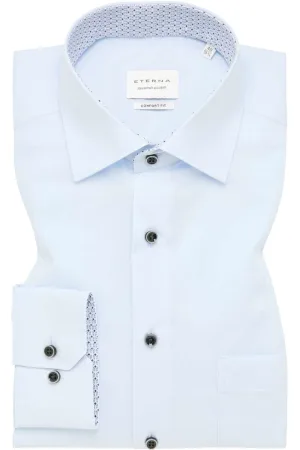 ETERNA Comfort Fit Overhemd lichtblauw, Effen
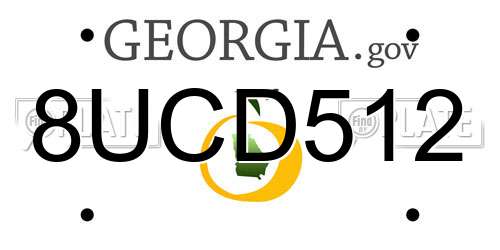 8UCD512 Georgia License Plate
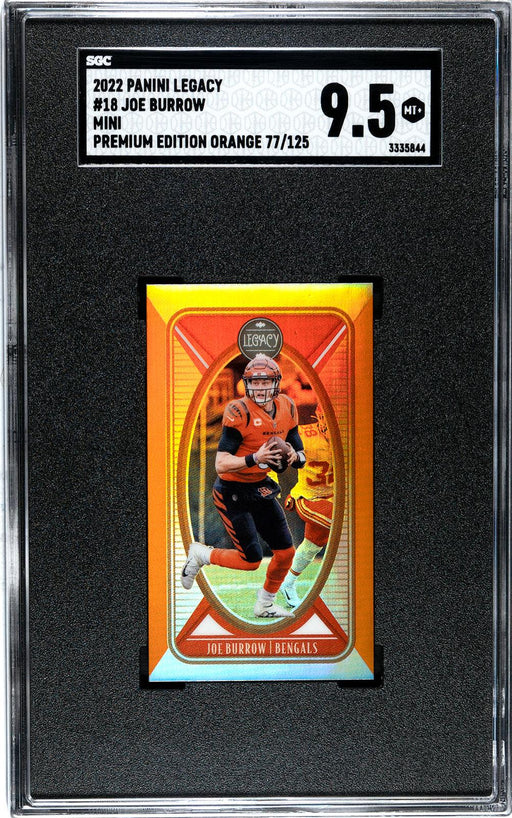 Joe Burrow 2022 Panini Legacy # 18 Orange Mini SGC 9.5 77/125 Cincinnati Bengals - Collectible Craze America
::::::
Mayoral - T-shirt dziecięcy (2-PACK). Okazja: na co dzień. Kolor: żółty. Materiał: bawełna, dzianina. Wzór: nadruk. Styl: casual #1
::::::
Looking above, find the stretch of lines that opens with the one holding "ETERNA Comfort Fit" and closes with the one holding "Joe Burrow 2022". Copy it exactly, pictures excluded.

§ Finished exercise:
 ETERNA Comfort Fit Overhemd lichtblauw, Effen
 8UCD512 Georgia License Plate
 Joe Burrow 2022 Panini Legacy # 18 Orange Mini SGC 9.5 77/125 Cincinnati Bengals - Collectible Craze America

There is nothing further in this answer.